I discorsi prolissi e contorti, un po’ ripetitivi, possono essere un segnale del morbo di Alzheimer. Non è questione di verbosità del discorso, caratteristica di molte persone, ma di cambiamenti tipici del linguaggio che potrebbero essere una spia della malattia prima che sia manifesti con i suoi sintomi più eclatanti, a partire dalla perdita della memoria.
scrittori e politici sotto esame. Da tempo alcuni gruppi di ricercatori, nel tentativo di scoprire indizi rivelatori precoci, stanno studiando come cambia il modo di esprimersi da prima a dopo la diagnosi del morbo.
Esaminando le opere della scrittrice inglese Iris Murdoch, per esempio, un gruppo di neuroscienziati dello University College di Londra ha scoperto che il vocabolario del suo ultimo romanzo, Jackson’s Dilemma, pubblicato nel 1995 poco prima che le venisse diagnosticata la malattia, è assai meno variegato di quello dei suoi scritti di 15 o 20 anni prima, come Il mare, il mare. Un lessico meno ricco, con parole più semplici, spesso precederebbe anche di molto tempo problemi più evidenti con la costruzione delle frasi caratteristiche delle fasi più avanzate della demenza.


Un altro gruppo di ricerca ha invece analizzato i lavori di Agatha Christie, cui però il morbo di Alzheimer non è mai stato diagnosticato ufficialmente, per scoprire che anche nel suo caso il vocabolario delle ultime opere era molto più ristretto e declinava, in varietà, rispetto alle prime, anche del 30 per cento, mentre aumentava la ripetizione di frasi e l’uso di parole indefinite, come “cosa”, “qualcosa”.
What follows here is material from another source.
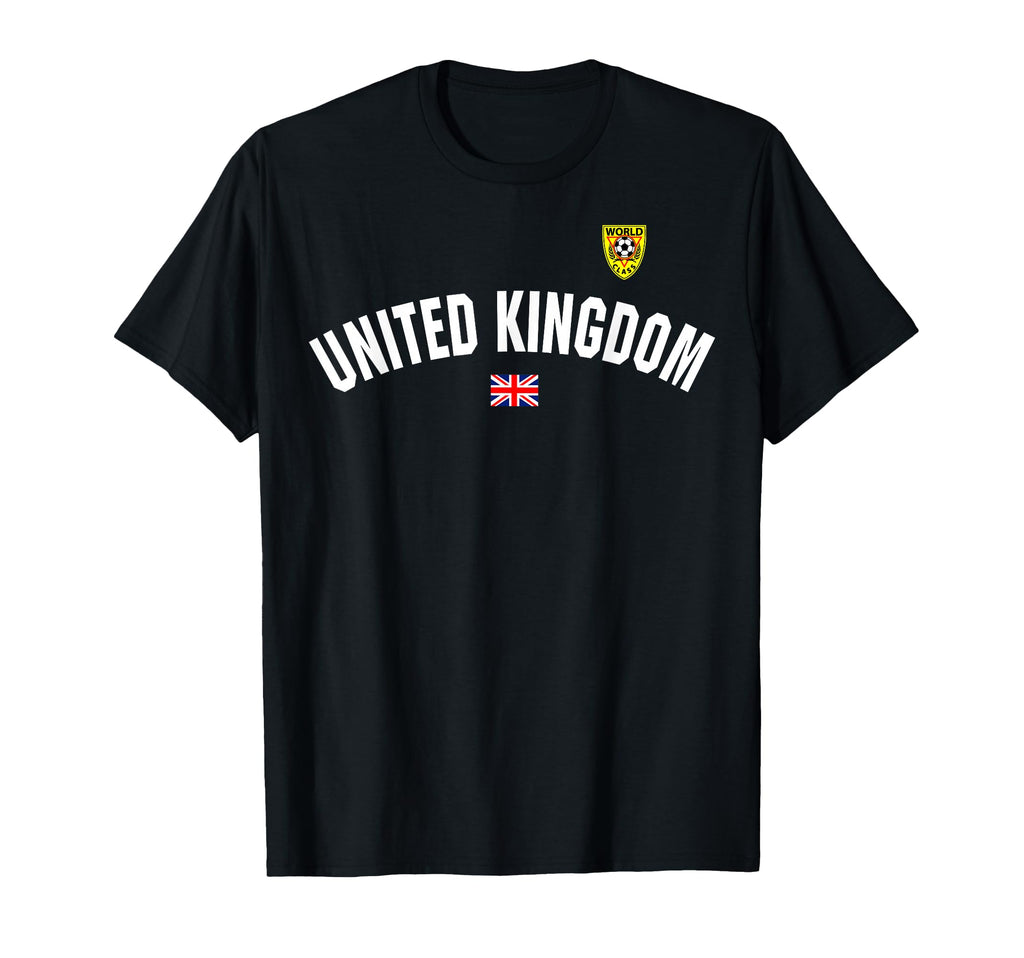Uk Flag World Class Soccer Jersey T-Shirt - Minimalist Print Men Women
Un altro studio ancora ha individuato cambiamenti netti nei discorsi dell’ex-presidente degli Stati Uniti Ronald Reagan, cui il morbo di Alzheimer è stato diagnosticato dopo la fine del suo secondo mandato (1989). Nel corso della presidenza, i suoi discorsi mostrano una diminuzione del numero di parole uniche e un aumento delle ripetizioni e di riempitivi generici, mentre i discorsi di George Bush senior, diventato presidente all’incirca alla stessa età (65 anni), non mostrano lo stesso tipo di declino.
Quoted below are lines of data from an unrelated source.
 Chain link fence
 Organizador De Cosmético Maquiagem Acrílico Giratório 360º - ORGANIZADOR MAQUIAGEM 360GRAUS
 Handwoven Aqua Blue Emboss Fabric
Frasi contorte. L’ipotesi iniziale degli studiosi era che il linguaggio regredisse nella demenza nell’ordine inverso rispetto a quello viene acquisito da bambini. Testando questa ipotesi, in realtà, la neuropsicologa Janet Cohen Sherman e il suo gruppo al Massachusetts General Hospital di Boston, hanno scoperto che così non è, ma hanno trovato altre conferme che i deficit di linguaggio della malattia nelle sue primissime fasi siano caratteristici e misurabili.
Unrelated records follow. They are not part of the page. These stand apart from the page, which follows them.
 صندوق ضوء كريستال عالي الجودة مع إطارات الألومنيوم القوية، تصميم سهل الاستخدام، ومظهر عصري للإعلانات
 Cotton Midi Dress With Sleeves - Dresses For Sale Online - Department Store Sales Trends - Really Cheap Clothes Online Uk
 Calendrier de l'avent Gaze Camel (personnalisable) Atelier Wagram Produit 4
Dovendo per esempio riunire in una frase tre parole come “carta”, “penna” e “inchiostro”, le persone sane, siano giovani sia anziane, di solito compongono una frase semplice e concisa.
Gli individui con lievi disturbi cognitivi (quelli che poi possono evolvere in demenza) tendono invece a generare discorsi più complicati e contorti.
In un altro studio, quando ai volontari veniva chiesto di ripetere una frase ascoltata, le persone con lievi disturbi cognitivi avevano assai più problemi rispetto alle persone sane a destreggiarsi con frasi contenenti pronomi disposti in modo ambiguo, come in “Marco è andato a trovare Giulio dopo la sua laurea”.
Un test per la diagnosi? Secondo Sherman, che ha presentato queste ricerche al convegno dell'American Association for the Advancement of Science, che si è concluso qualche giorno fa a Boston, tra cinque anni potrebbe essere disponibile un test psicologico di valutazione del linguaggio che aiuti a diagnosticare precocemente l’Alzheimer.